Updating a row in the database is rather easy. Each node in a tree is uniquely identified by its pre value. So, if a client supplies both tree_id and pre then the node is uniquely identified. The sig, again, is used to validate this query.

The return_value is true if the operation succeeded, and false otherwise.

search(base64 sig, int client_id, base64 tree_id, string query, base64[] encrypted_content)

Searching in the database is where the real magic happens. This method can evaluate an XPath query in a very fast manner, using the pre, post and parent values stored in each row. The result to the query is a result tree which contains a rootnode matching the XPath query.
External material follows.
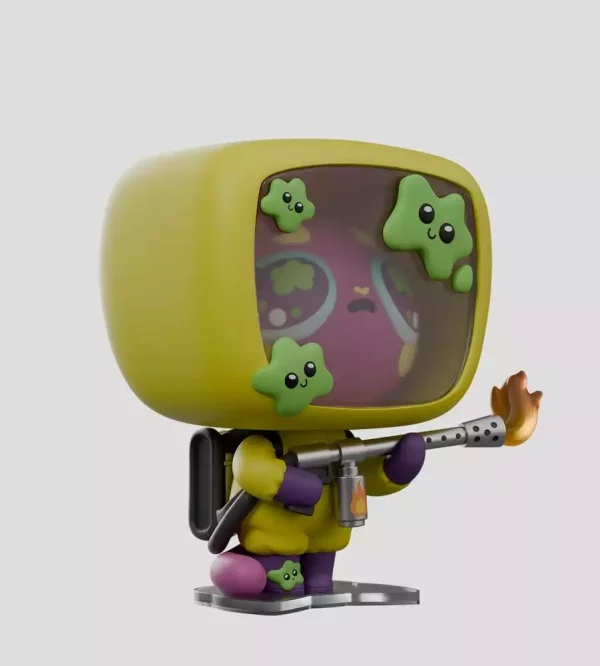widdle-baby-mini-figures-big-world-s1-13-cm-blind-box-display-6-1787040227-5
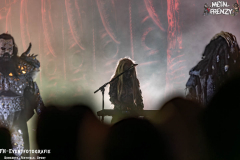 MFOA25_Sa_10_Lordi_083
The query itself contains numbers, each of which denoting a spot in the encrypted_content list. For instance, in the query '/1/2//3[@4="5"]' we substitute each of the numbers x with the content on spot encrypted_content[x]. The sig, again, is used to validate this query.
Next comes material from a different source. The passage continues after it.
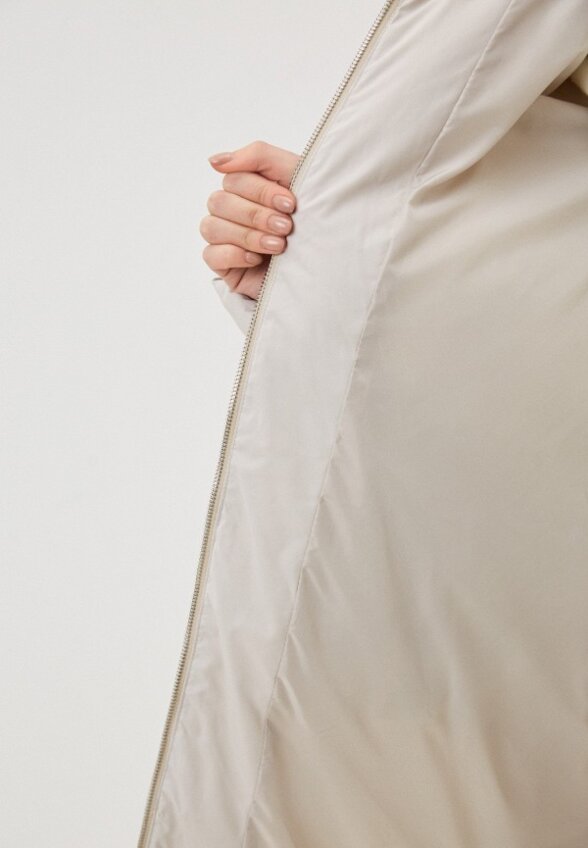 Пуховик O'STIN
The return_value of this function is an array of strings. Each string represents a single row. The string format is the same as the insert() parameter:

(base64 tree_id, int pre, int post, int parent, base64 Ctag, base64 Cval)

Client (C)

The client consists of a PHP front-end that calls the server API. There are several use cases that the client supports:

  1. Insert/Overwrite

Insert/overwrite a tree corresponding to a tree_id on the server. The client will parse the XML file to the required row format, then encrypt it. The server's insert() function is called with this input.

Required input:

  • The tree_id
  • The XML file that should be stored. Note that any node can contain either text or child nodes, not both.
  • Secret key information.

Output:

  • If the operation succeeded: yes or no.
  1. Querying

Querying using an XPath query. The client will encrypt the XPath query, then send it off to the server. The trees returned by the server are decrypted, and the results are displayed.

Required input:

  • The tree_id
  • The XPath query
  • Secret key information

Output:

  • If the query is succesful, the decrypted row(s) that represent the result of the query are displayed. Ideally, a tree representation is given.
  • If an error occurs (Invalid XPath, Invalid tree_id) then this should be displayed.
  1. Updating

Updating a token in a tree on the server. The combination of tree_id and pre value uniquely identifies the node that should have its token changed. The client will encrypt the token before sending it off to the server.

Required input:

  • The tree_id
  • The pre value
  • The new token
  • Secret key information

Output:

  • If the query was succesful (yes/no). If an error occured, the reason should be displayed.

Nice Links

Link Explanation
http://bit.ly/sKadHW Information about storing xml in databases using pre- and post-order traversal
http://bit.ly/uaERUo The paper we're basing our prototype on

[1] "Efficient Tree Search in Encrypted Data" by Brinkman et. al.